The British government recently appointed Gus Macdonald as the new Minister for Business and Industry at the Scottish Office. Macdonald, a leading Scottish media and business figure, is not an elected Member of Parliament and had not been a member of the Labour Party for 20 years. Blair elevated Macdonald to the House of Lords in record time to facilitate his entry into government. His appointment is motivated by growing concern within the Labour government at the rapid growth in support for the Scottish National Party (SNP).

A string of recent by-elections and opinion polls have positioned the SNP as the dominant party in Scotland. If these results were repeated in elections to the new Scottish Parliament next May, the SNP could return more members than Labour. One poll for the Glasgow Herald suggested that under proportional representation, the SNP would have 56 seats to the Labour Party's 46, 15 for the Liberal Democrats and 12 for the Tories. This would make the SNP the largest party, in a position to form a coalition government with either Labour or the Liberal Democrats.

The SNP has won growing support amongst workers disillusioned by Labour's right wing policies and identity as the 'party of government in Scotland'. Throughout the 1980s Labour controlled Scotland's main cities and towns, implementing all of the Tories spending cuts as well as the hated poll tax. The SNP capitalise on this discontent by pledging social reforms, while courting business with promises that Scottish independence will mean lower business taxes and other investment opportunities.
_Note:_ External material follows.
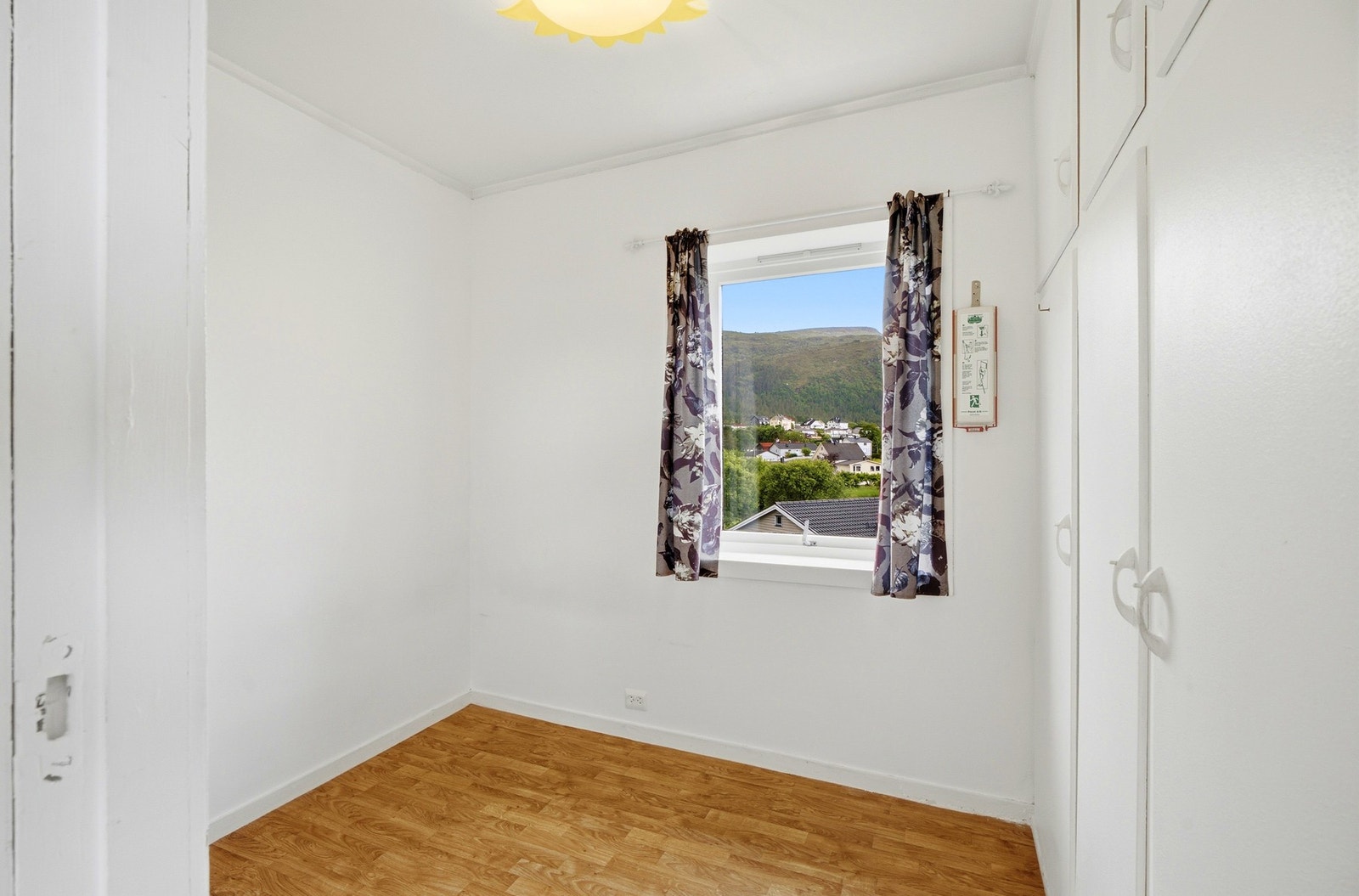 Soverom. Galleribilde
Macdonald was chosen as Labour's Scottish Industry Minister in the hope that his media contacts and intimate relations with business and the trade unions will be valuable weapons in beating off the SNP challenge.

A multi-millionaire, he was, until recently, head of the Scottish Media Group, which owns Scottish Television, Grampian Television and two newspapers including the Glasgow Herald.

In the early 1960s, while working in Glasgow's Clyde shipyards, Macdonald was briefly associated with the Labour Party Young Socialists in the working class area of the Gorbals. After a short excursion in radical politics as a member of the International Socialist group, he became a leading figure in the centre-left Tribune group and a close friend of Neil Kinnock, elected Labour Party leader in 1983.

Macdonald later secured a plum job as presenter on the TV current affairs programme, 'World in Action'. By the late 1970s, he moved out of the Labour Party's orbit and embraced the free-market strategy of Thatcherism. He attended seminars organised by Thatcher's main advisor Sir Keith Joseph and was heavily influenced by the right wing American Enterprise Institute.

As head of the Scottish Media Group, Macdonald sacked many professional workers and increased the group's market capitalisation from £50 million to £500 million. He secured the Independent Television franchise in Scotland with an unopposed bid of just £2,000.

He recently explained his attitude to those he sacked to the Observer newspaper: 'It was hard to take these well paid and privileged folks seriously... They used the defensive mechanisms of the industrial working class for all sorts of petty resentments.'

In preparation for entering government, Macdonald will sell his shares in the Scottish Media Group, giving him about £770,000 on top of the £726,600 he made from selling shares in 1996. In addition, last year he earned £307,000 and the year before £227,000.